Saved data entries:
------------------------

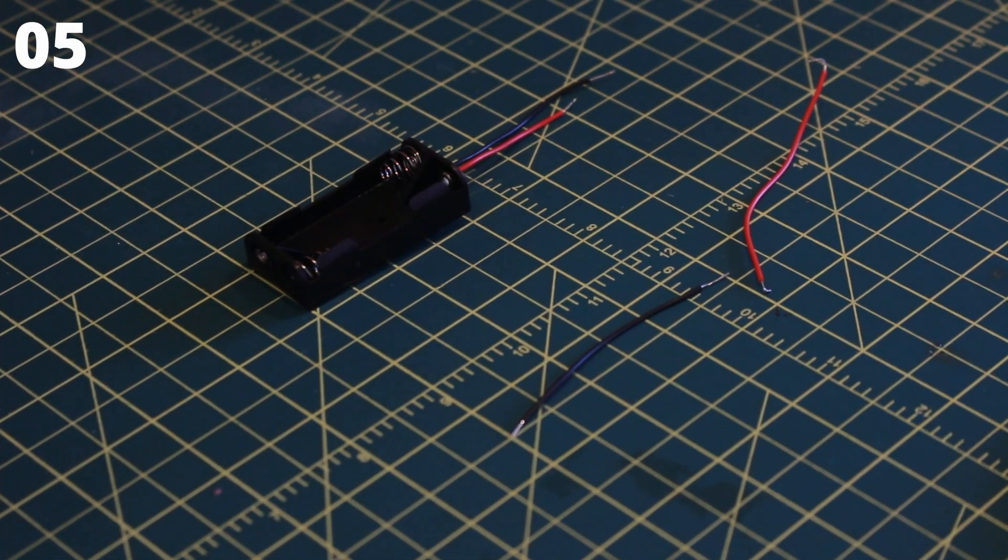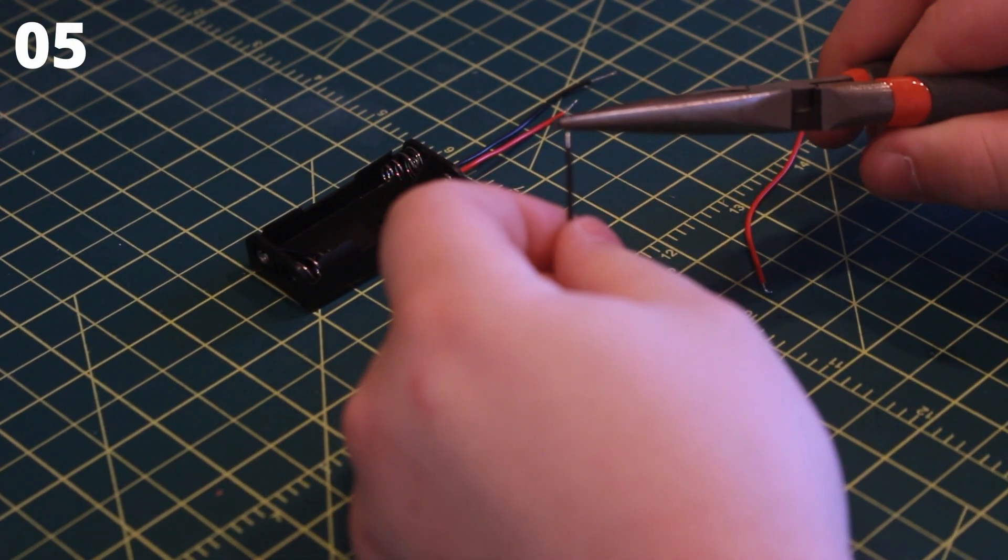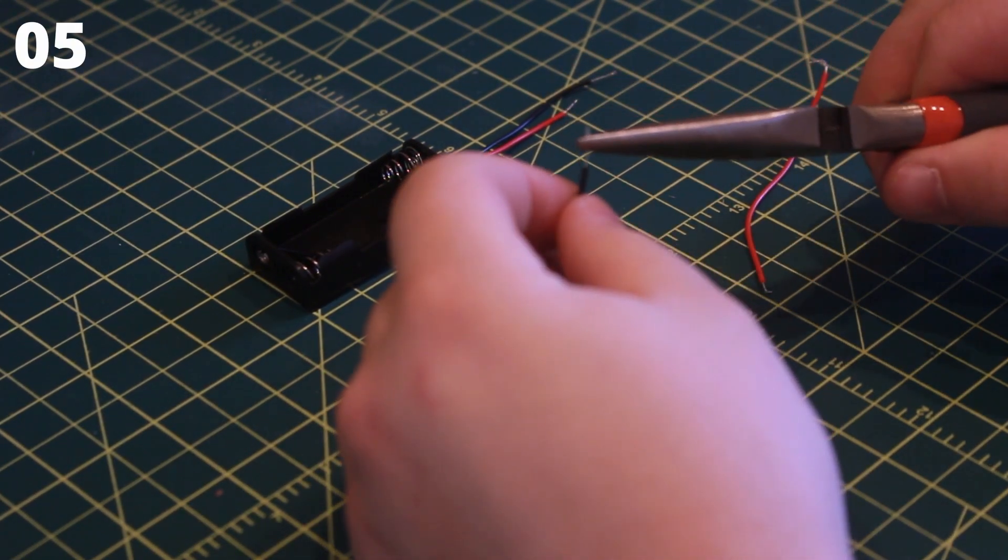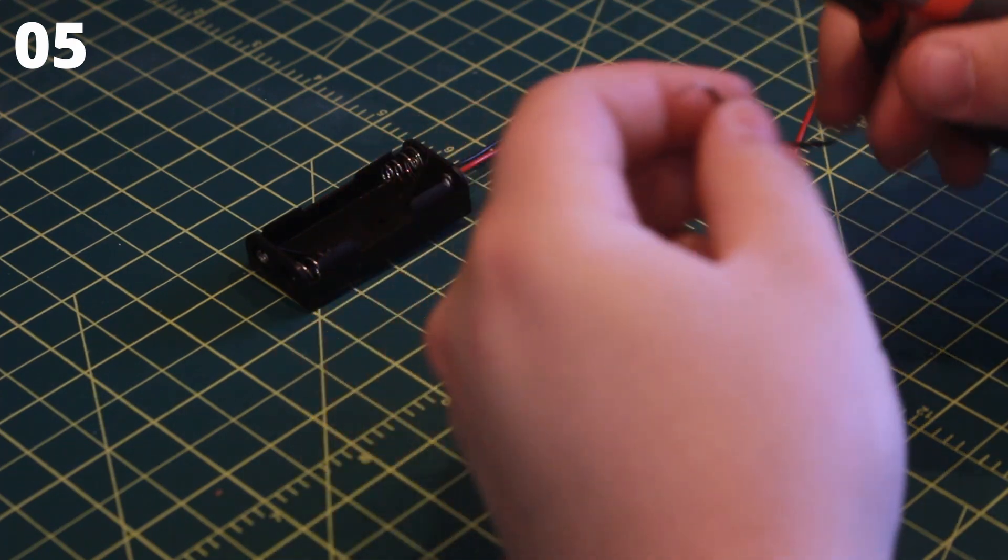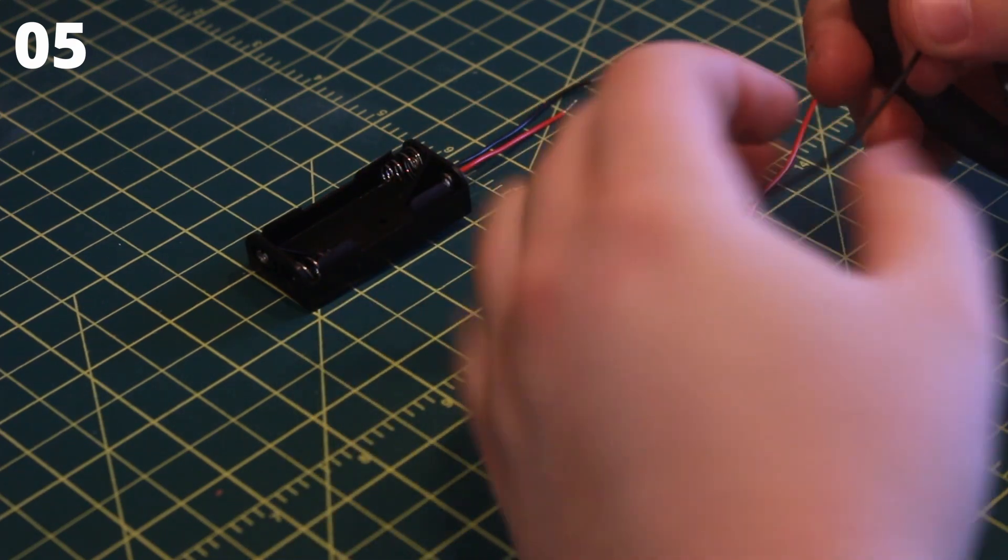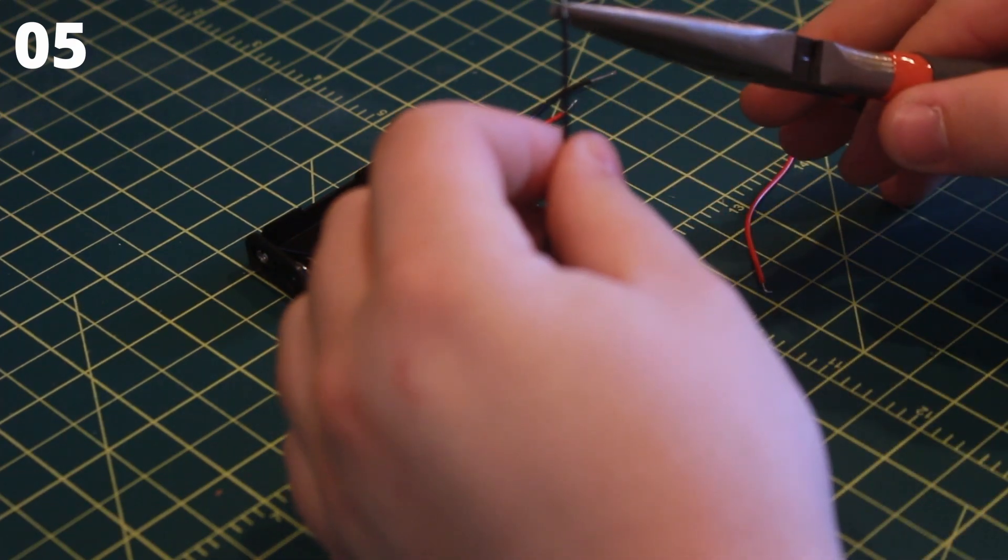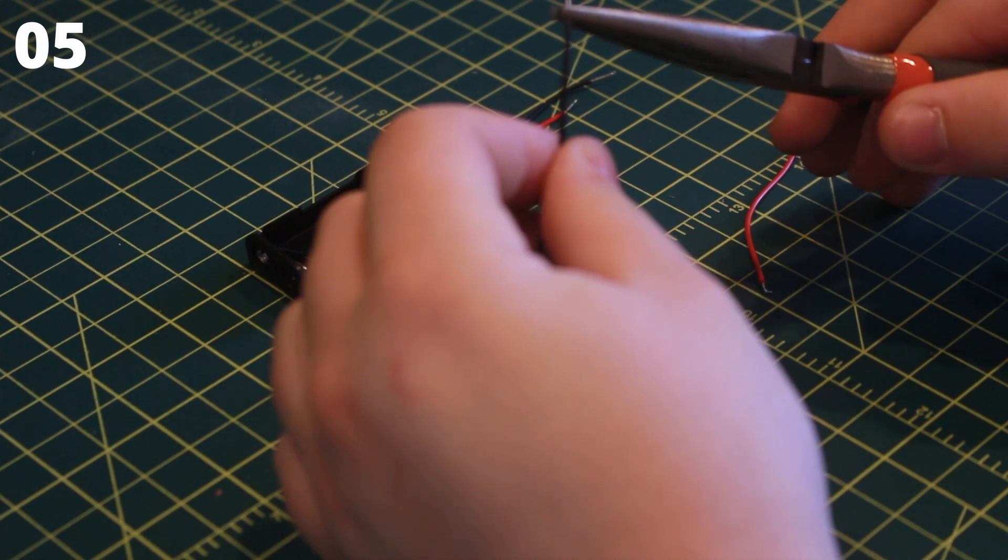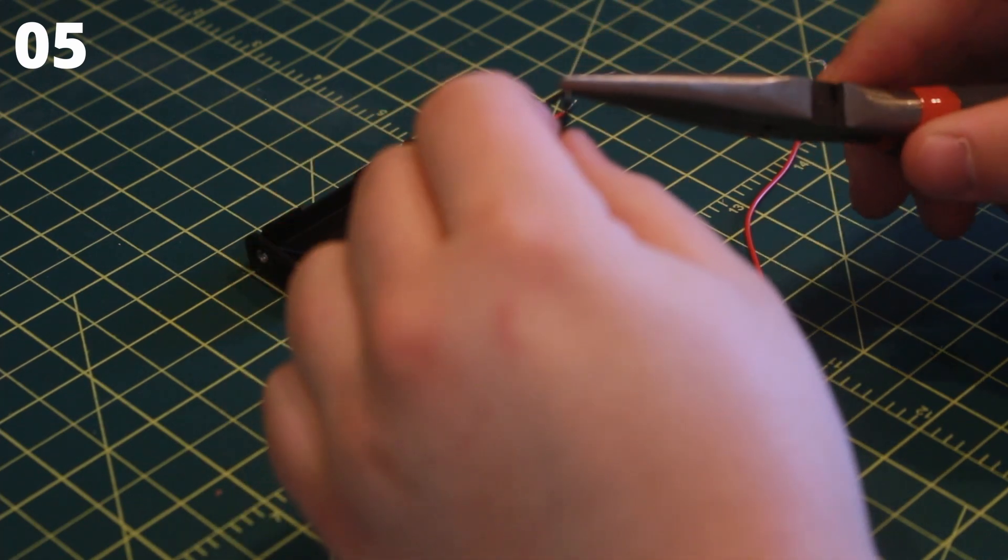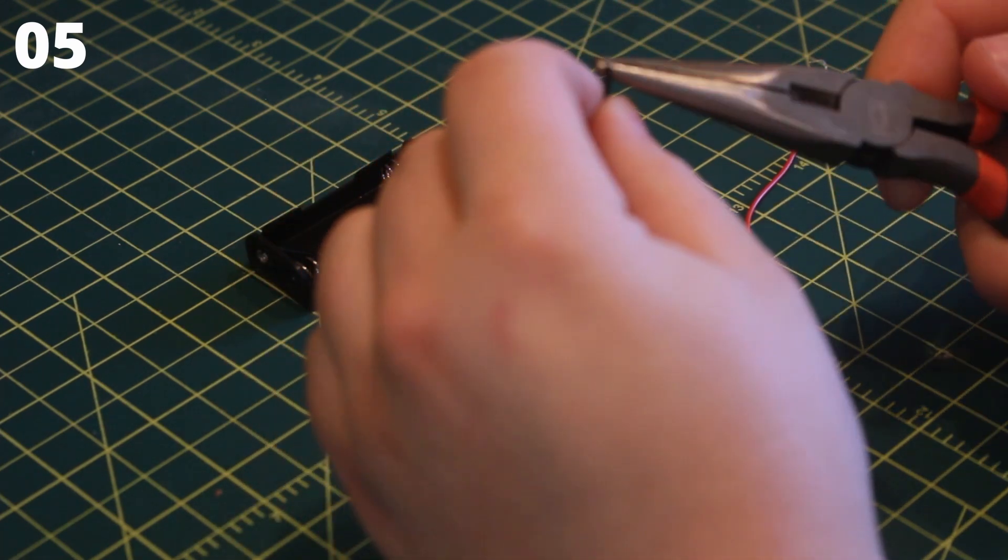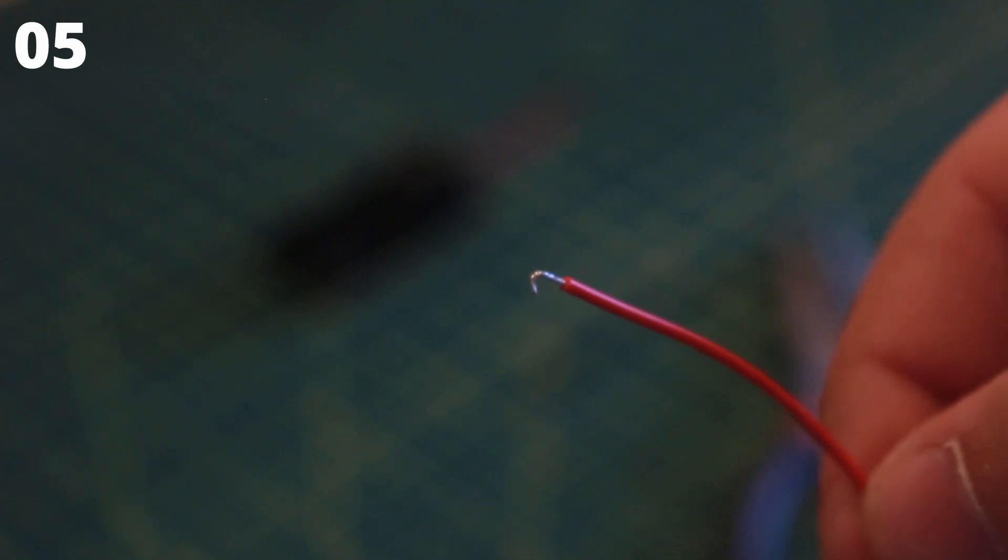Take the stripped ends of the wires and use the pliers to bend a hook on each of the ends. Do this for all exposed wire. The hook should look like this when you're complete.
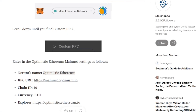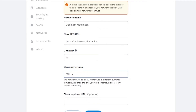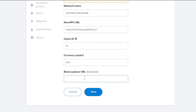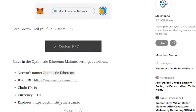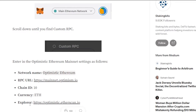The chain ID for Optimism is 10 — enter that in the Chain ID field. For the currency symbol, enter 'ETH.' Next is the Block Explorer URL, which is optional, but I'll go ahead and add it as well.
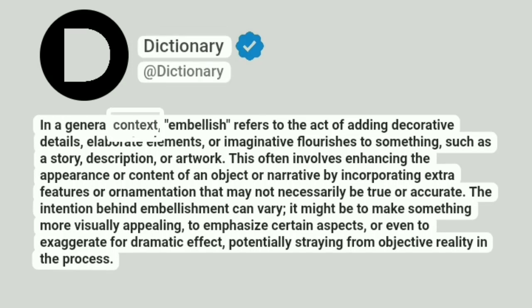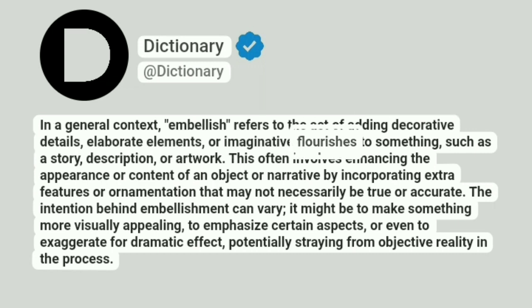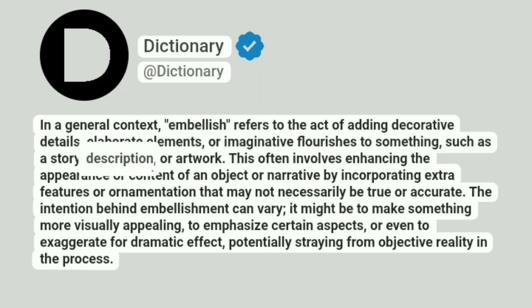In a general context, embellish refers to the act of adding decorative details, elaborate elements, or imaginative flourishes to something, such as a story, description, or artwork.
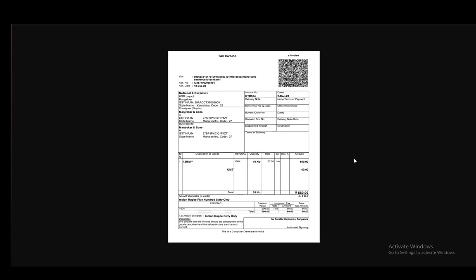Hey everybody, what is going on? I hope you guys are all doing well and welcome to another tutorial video. In this video, I'll be showing you guys how you can find your invoice number in Tally Prime. So let's get right into it.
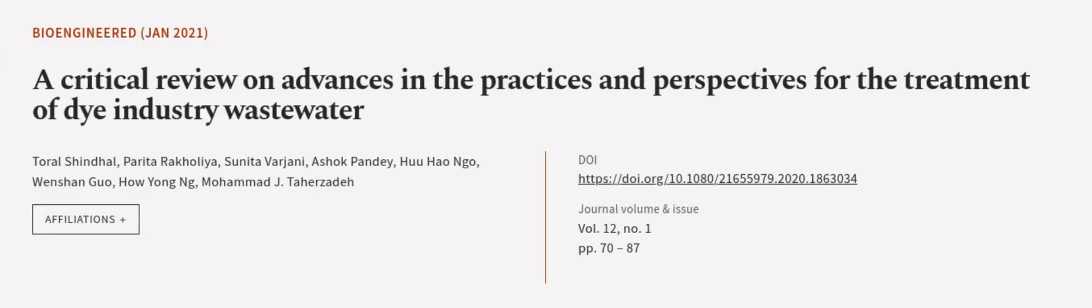This article was authored by Toal Shindal, Parita Rakaliya, Sunita Varjani, and others. Wearearticle.tv, links in the description below.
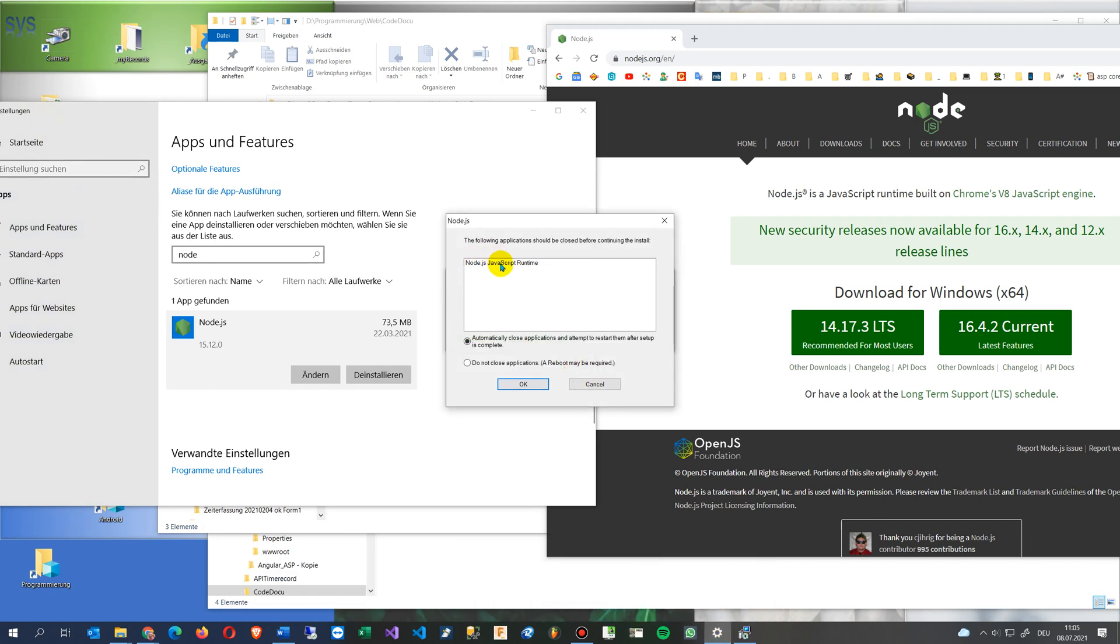So Node.js, JavaScript runtime, automatically close applications and attempt to restart them after setup. Okay, this is done. That's okay.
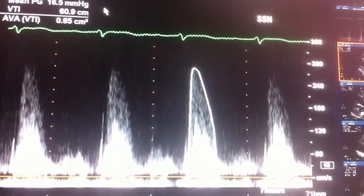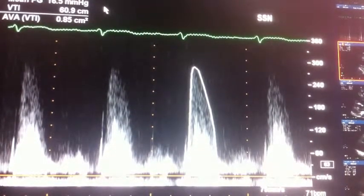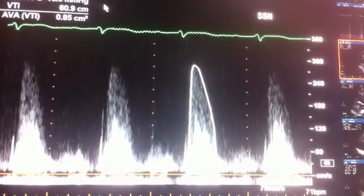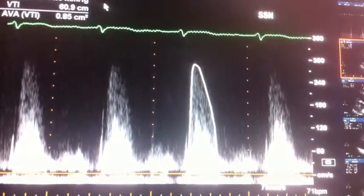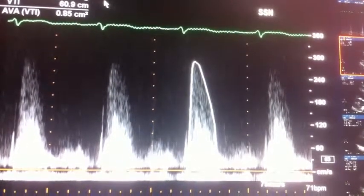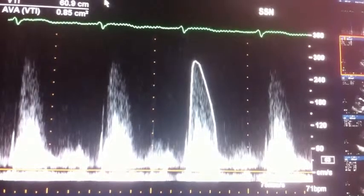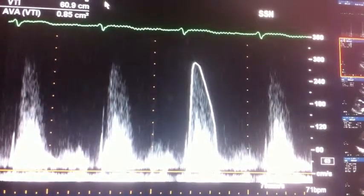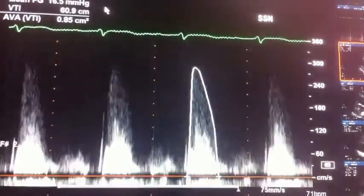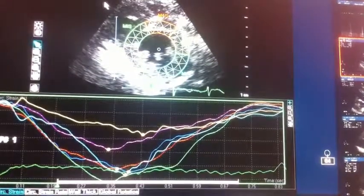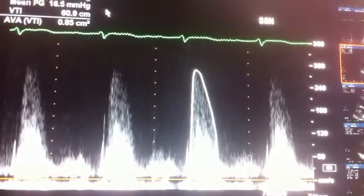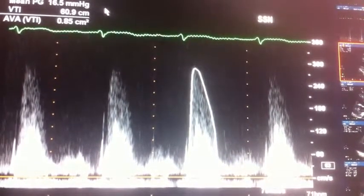Here's a continuous wave profile of the aortic valve — this is flow going through the valve, so it's another velocity time integral. Those are the three things needed to calculate the aortic valve area: the LVOT diameter, the pulsed wave of the LVOT, and the continuous wave of the LVOT. From that we can solve for the aortic valve area. So that's everything, and I hope this helps. Thanks a lot.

------------------------

Leave the pictures out and copy the rest of the data exactly.

**Finished task**
Take the stripped ends of the wires and use the pliers to bend a hook on each of the ends. Do this for all exposed wire. The hook should look like this when you're complete.
The chain ID for Optimism is 10 — enter that in the Chain ID field. For the currency symbol, enter 'ETH.' Next is the Block Explorer URL, which is optional, but I'll go ahead and add it as well.
In a general context, embellish refers to the act of adding decorative details, elaborate elements, or imaginative flourishes to something, such as a story, description, or artwork.
Hey everybody, what is going on? I hope you guys are all doing well and welcome to another tutorial video. In this video, I'll be showing you guys how you can find your invoice number in Tally Prime. So let's get right into it.
This article was authored by Toal Shindal, Parita Rakaliya, Sunita Varjani, and others. Wearearticle.tv, links in the description below.
So Node.js, JavaScript runtime, automatically close applications and attempt to restart them after setup. Okay, this is done. That's okay.
Here's a continuous wave profile of the aortic valve — this is flow going through the valve, so it's another velocity time integral. Those are the three things needed to calculate the aortic valve area: the LVOT diameter, the pulsed wave of the LVOT, and the continuous wave of the LVOT. From that we can solve for the aortic valve area. So that's everything, and I hope this helps. Thanks a lot.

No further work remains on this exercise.